Concept

Computability theory

Summary
Computability theory, also known as recursion theory, is a branch of mathematical logic, computer science, and the theory of computation that originated in the 1930s with the study of computable functions and Turing degrees. The field has since expanded to include the study of generalized computability and definability. In these areas, computability theory overlaps with proof theory and effective descriptive set theory. Basic questions addressed by computability theory include: What does it mean for a function on the natural numbers to be computable? How can noncomputable functions be classified into a hierarchy based on their level of noncomputability? Although there is considerable overlap in terms of knowledge and methods, mathematical computability theorists study the theory of relative computability, reducibility notions, and degree structures; those in the computer science field focus on the theory of subrecursive hierarchies, formal methods, and formal languages. Computability theory originated in the 1930s, with work of Kurt Gödel, Alonzo Church, Rózsa Péter, Alan Turing, Stephen Kleene, and Emil Post.
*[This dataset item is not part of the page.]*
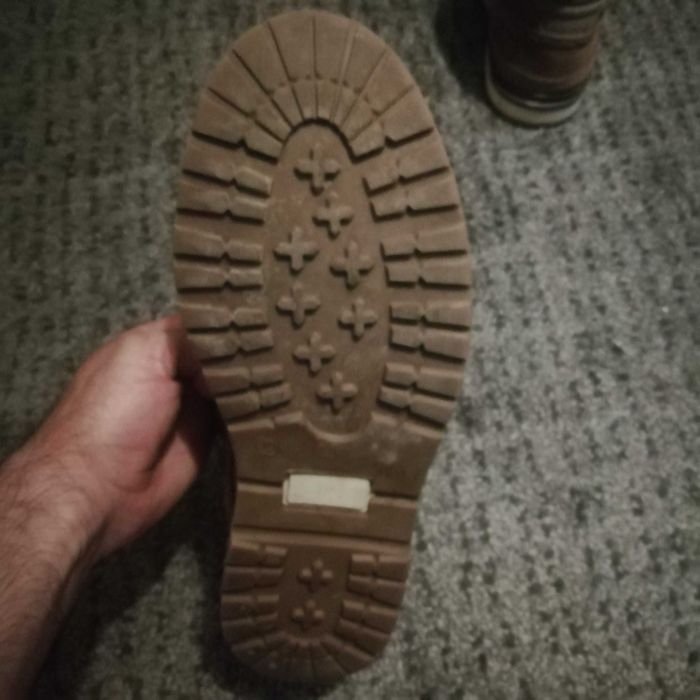 Vendo botas Guimarães homem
The fundamental results the researchers obtained established Turing computability as the correct formalization of the informal idea of effective calculation. In 1952, these results led Kleene to coin the two names "Church's thesis" and "Turing's thesis". Nowadays these are often considered as a single hypothesis, the Church–Turing thesis, which states that any function that is computable by an algorithm is a computable function. Although initially skeptical, by 1946 Gödel argued in favor of this thesis: "Tarski has stressed in his lecture (and I think justly) the great importance of the concept of general recursiveness (or Turing's computability). It seems to me that this importance is largely due to the fact that with this concept one has for the first time succeeded in giving an absolute notion to an interesting epistemological notion, i.e., one not depending on the formalism chosen.